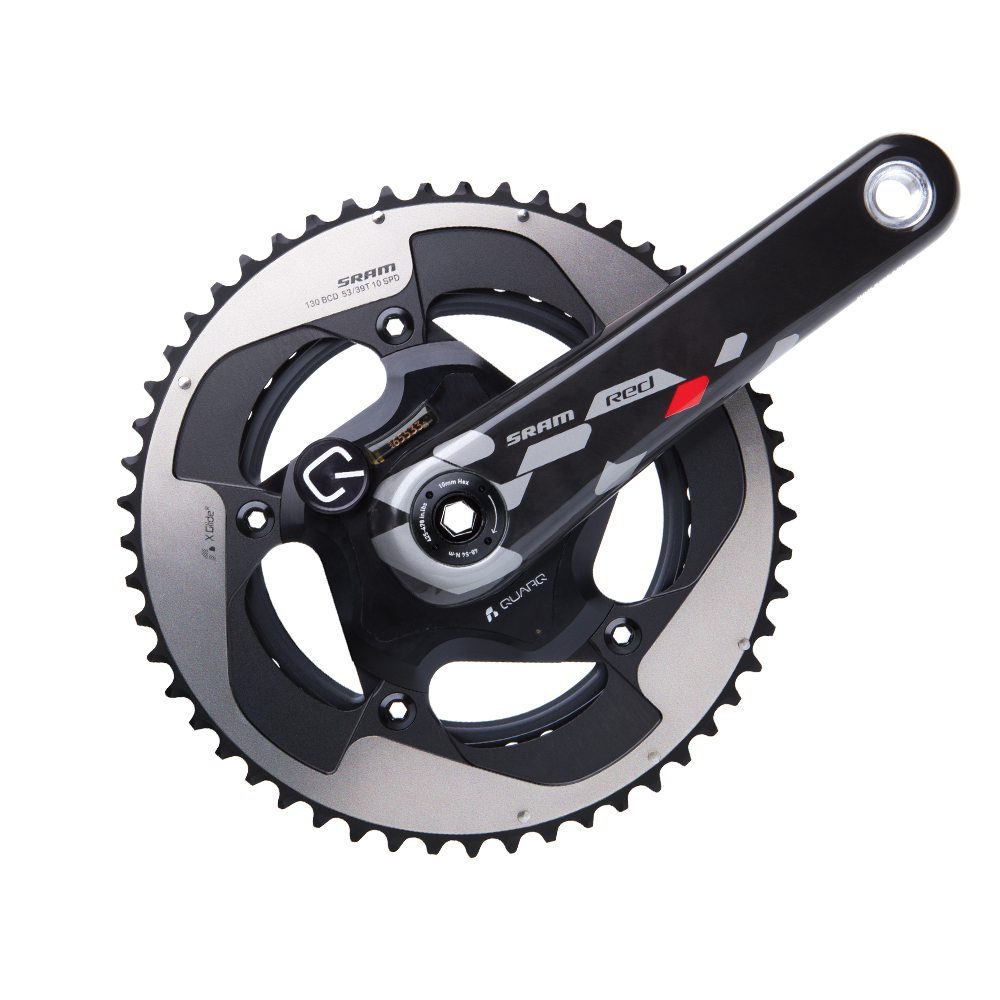 Roompot/Orange's riders will be using SRAM's Red 22 Quarq chainset to record their training and race power data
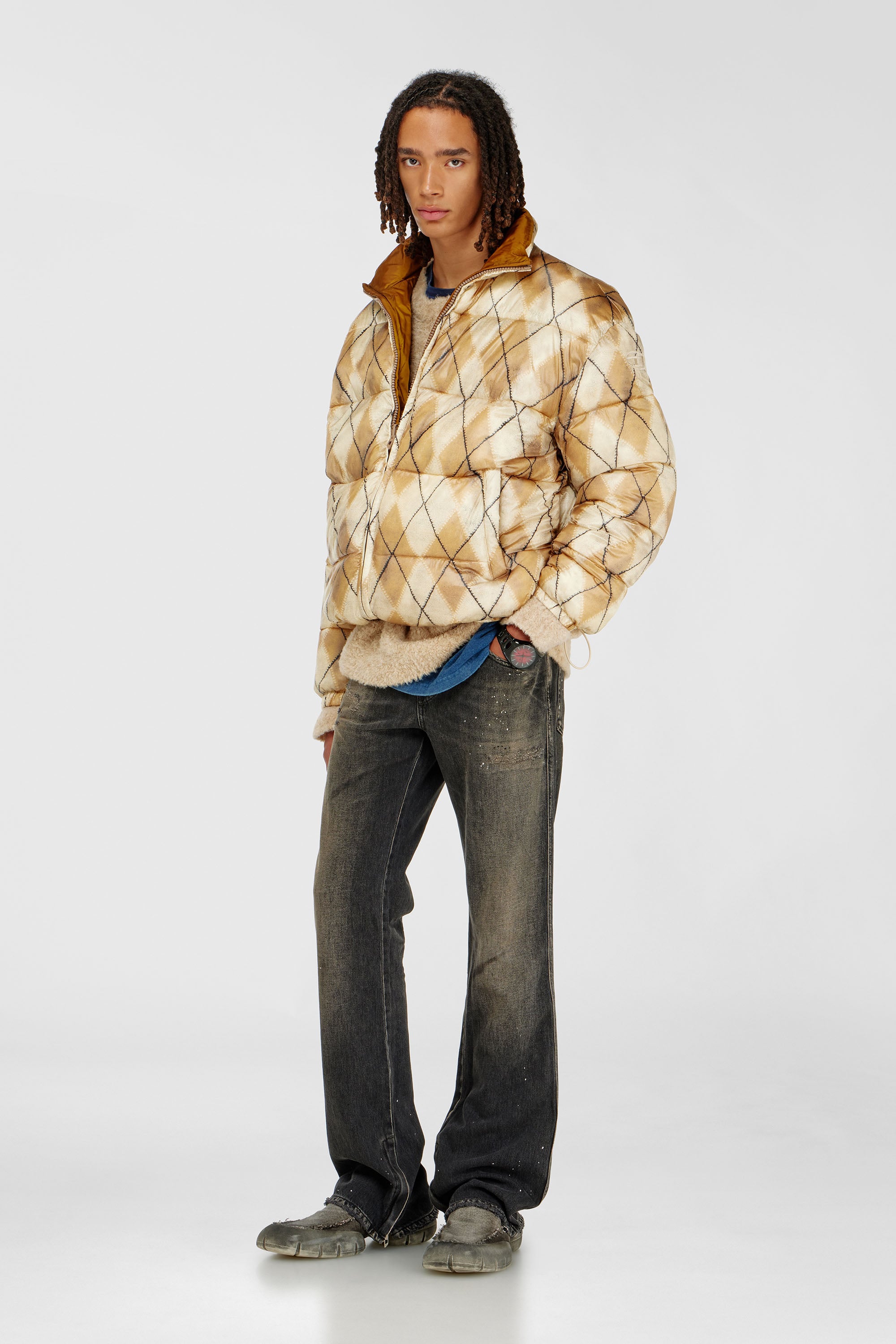 Diesel - Bootcut Jeans 1998 D-Buck 09P64 Homme, Noir/Gris fonc&eacute; - Image 2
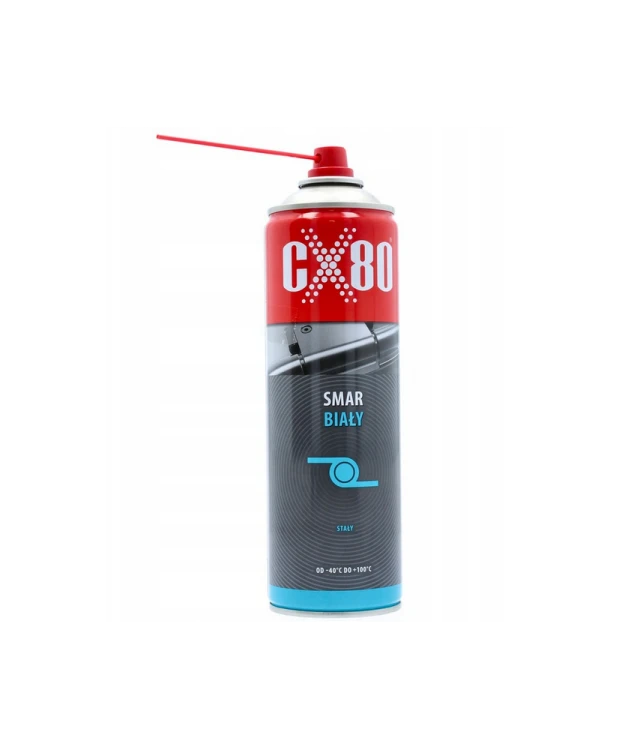 CX80 SMAR BIAŁY DO ZAMKÓW ZAWIASÓW STAŁY 500ML (S1) GTU 02
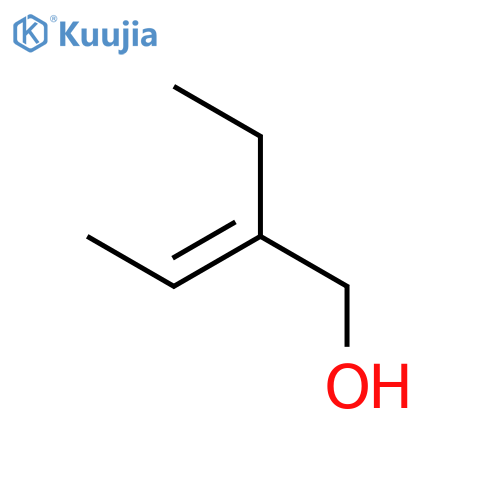 2-BUTEN-1-OL, 2-ETHYL-, (E)- structure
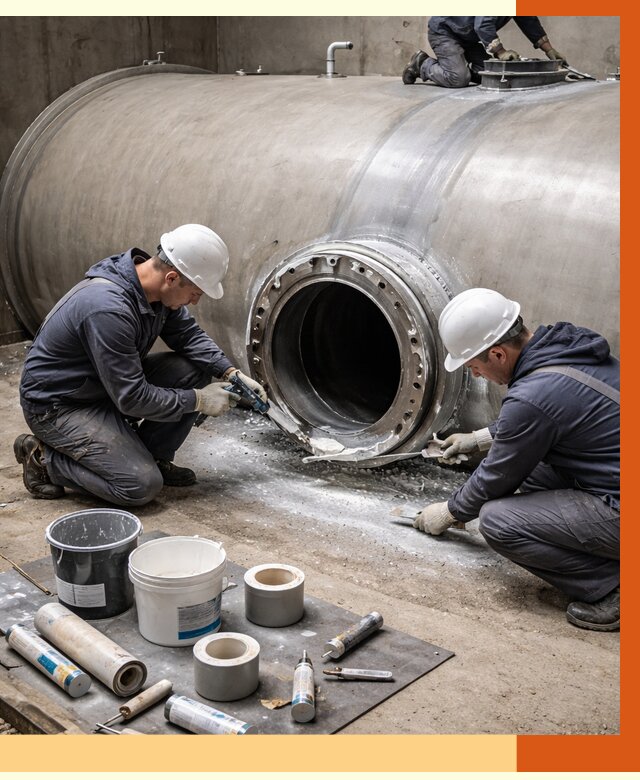 Гидроизоляция резервуара с топливом в Белореченске от 76080 руб. под ключ | ТепломастерБлч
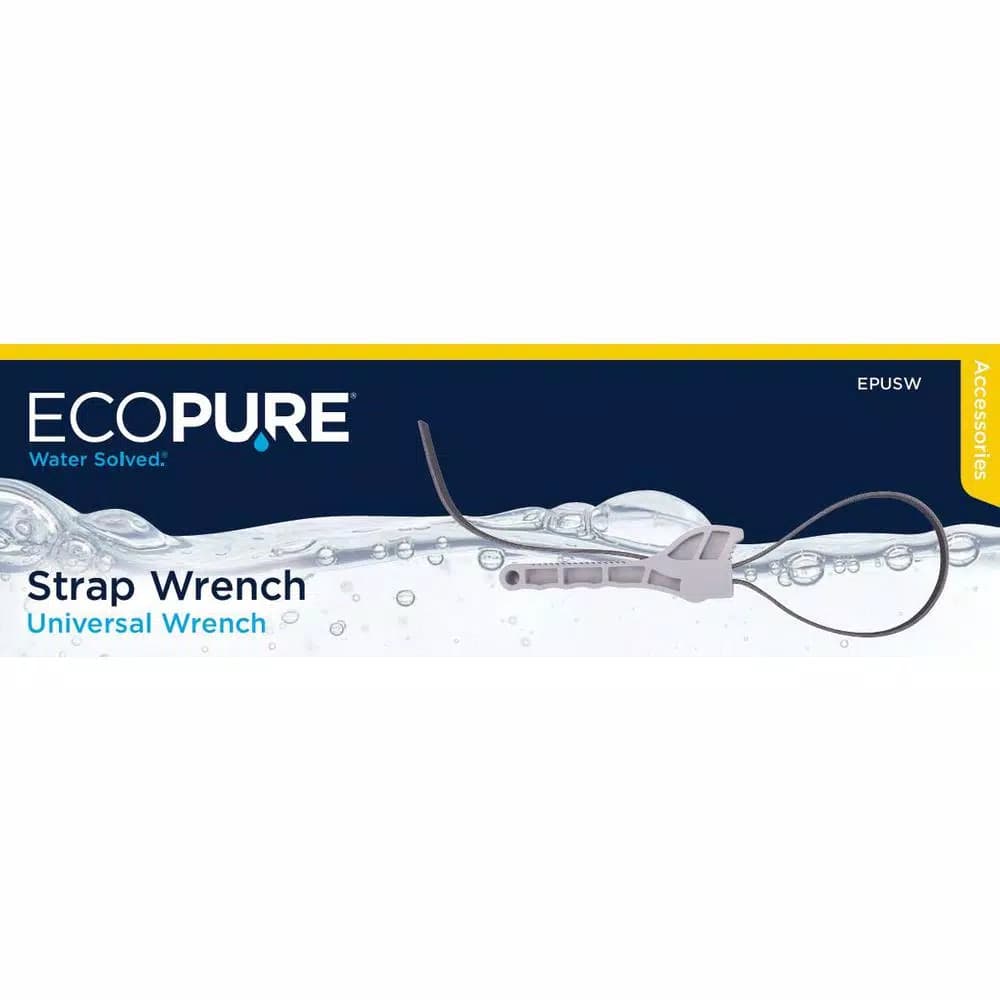 EcoPure Universal Whole Home Water Filter Sump Strap Wrench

::::

Apart from the pictures, the material above has to be repeated exactly.

 Roompot/Orange's riders will be using SRAM's Red 22 Quarq chainset to record their training and race power data
 Diesel - Bootcut Jeans 1998 D-Buck 09P64 Homme, Noir/Gris fonc&eacute; - Image 2
 CX80 SMAR BIAŁY DO ZAMKÓW ZAWIASÓW STAŁY 500ML (S1) GTU 02
 2-BUTEN-1-OL, 2-ETHYL-, (E)- structure
 Гидроизоляция резервуара с топливом в Белореченске от 76080 руб. под ключ | ТепломастерБлч
 EcoPure Universal Whole Home Water Filter Sump Strap Wrench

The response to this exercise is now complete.